# [What you are asked to do]
Please return exactly the lines from the top of the data through the line that contains "Okay, that was", and skip all pictures.

# [Provided data]
━━━━

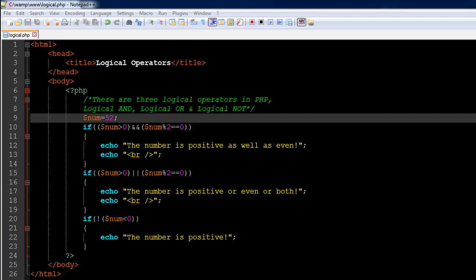Hello guys, welcome to my channel. This is the 24th tutorial in this course and in this tutorial we are going to talk about logical operators in PHP. There are three logical operators in PHP: the logical AND operator, logical OR, and logical NOT. These operators are mostly used to combine conditions and make more complex test conditions.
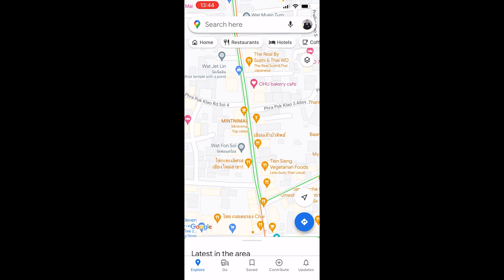In this quick video I'll show you how you can add your Google Maps location to Instagram. This works if you've got a business and you want to add the exact location.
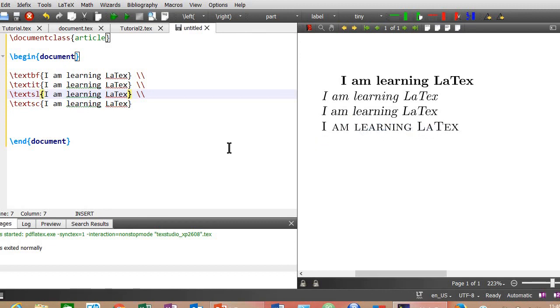Okay, that was all for today. Thank you for watching. In my next video I am going to tell you about how to insert figures and tables in your LaTeX document. Thanks, bye.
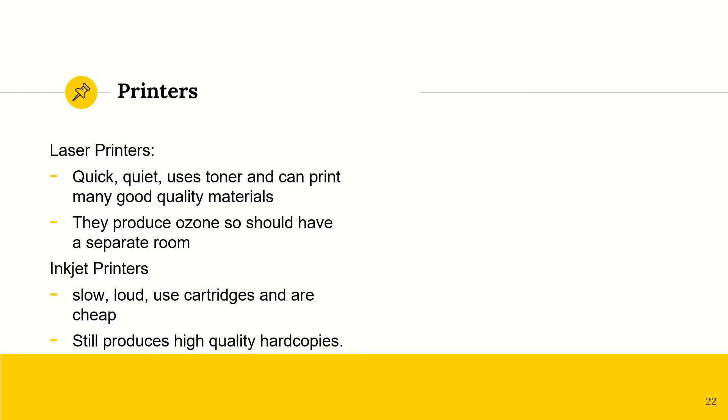Printers. Now we have laser printers. These are very quick. They are quiet, efficient. They use toners and they can print many good quality materials. So in a school or in an office, typically we would use these. However, like any other thing, they do have a drawback, which is they produce ozone. So they should have a separate room just because it could be a health risk.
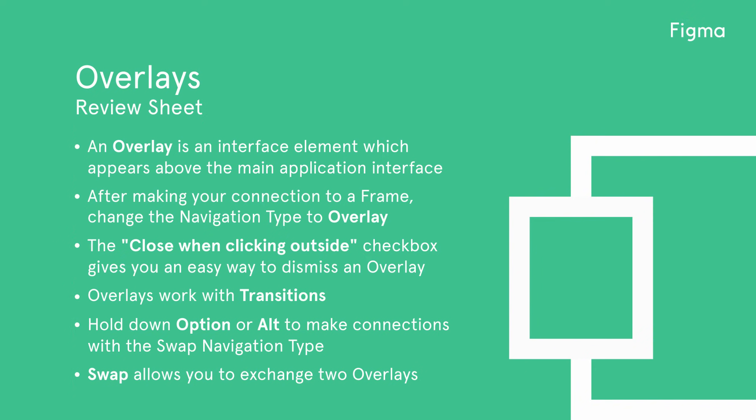Overlays work with transitions, so you can customize how the overlay behaves to make it more realistic. Hold down Option or Alt when creating a prototype connection to set the navigation type to swap. Use swap to exchange one overlay for another while maintaining their position.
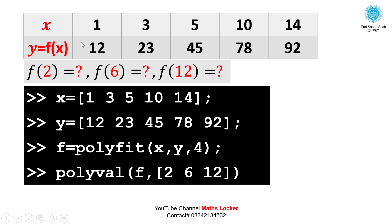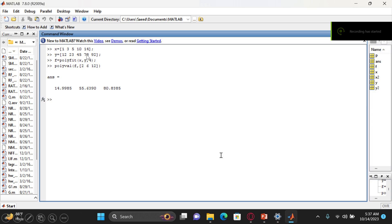To calculate missing values at multiple points simultaneously — say at x = 2, 6, and 12 — write the same x and y arrays, apply polyfit storing in f, then use polyval(f, [2 6 12]). The results are: at x=2, f=14.9985; at x=6, f=35.6390; at x=12, f=80.8385.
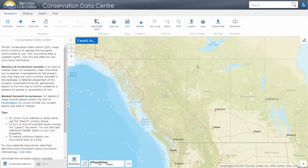Welcome to this tutorial we have put together to help you get the most out of CDC IMAP. The British Columbia Conservation Data Centre assists in the conservation of our province's biodiversity by collecting and sharing scientific data and information about plants, animals, and ecological communities in BC.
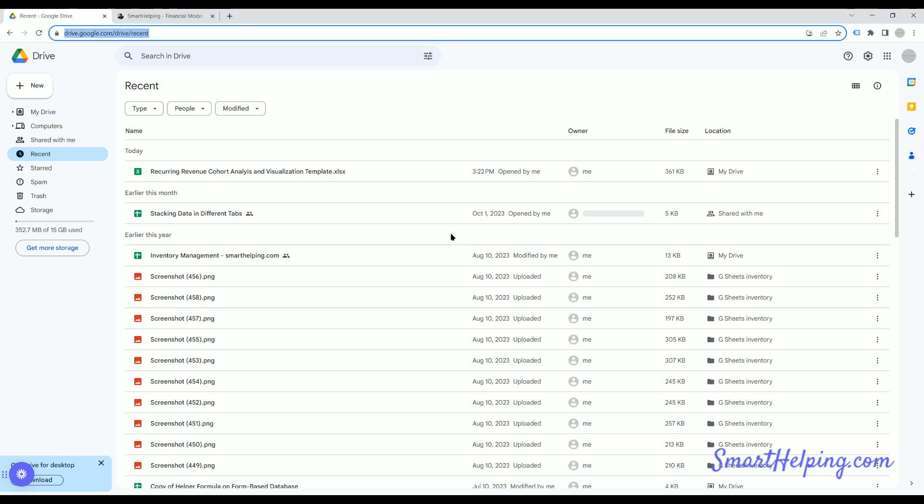Hey guys, what's going on? Jay here, SmartHelping.com. I had a quick little tip here. If you are having problems with an app, the script editor for Google Sheets, this is something I just came across because I do a lot of client work with Excel and Google Sheets and uploading between all of them.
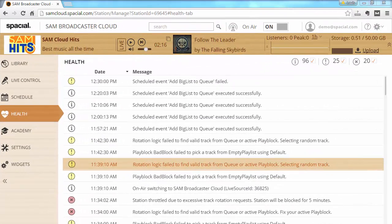That concludes our overview of monitoring your station via the health tab. There may be other types of errors and conditions to watch for, so make sure to check back frequently on your health tab to see if there's anything unexpected happening on your station.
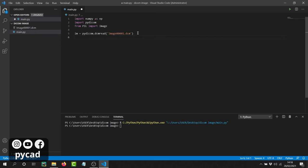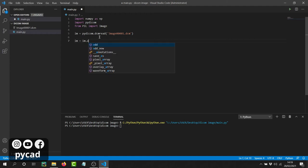Now, a DICOM image contains a lot of information — it contains the pixel data we want to display, and also patient information and much more. In this case, what we want to do is convert only the pixel part, only the image part. So we have to extract the array of pixel values, and this array is what we will use to create the JPEG or PNG image. I'll store it back in the same variable using `image.pixel_array`.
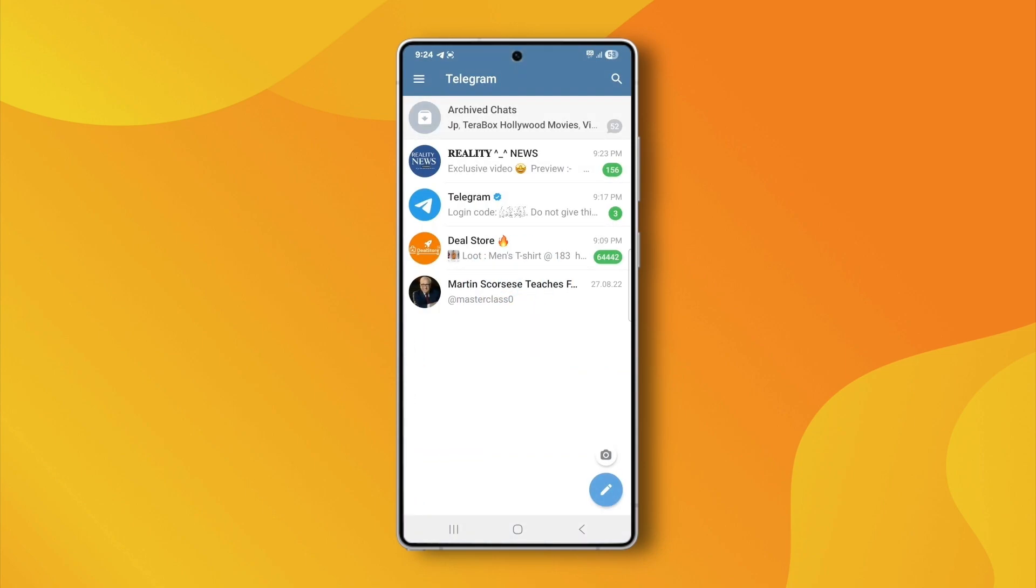Now, if you're already logged in on one device, like your laptop, and you try logging in on your phone, it won't even ask for a code. It'll just log you in automatically. That's exactly what happened to me.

━━━━

# [Task solution]
Hello guys, welcome to my channel. This is the 24th tutorial in this course and in this tutorial we are going to talk about logical operators in PHP. There are three logical operators in PHP: the logical AND operator, logical OR, and logical NOT. These operators are mostly used to combine conditions and make more complex test conditions.
In this quick video I'll show you how you can add your Google Maps location to Instagram. This works if you've got a business and you want to add the exact location.
Okay, that was all for today. Thank you for watching. In my next video I am going to tell you about how to insert figures and tables in your LaTeX document. Thanks, bye.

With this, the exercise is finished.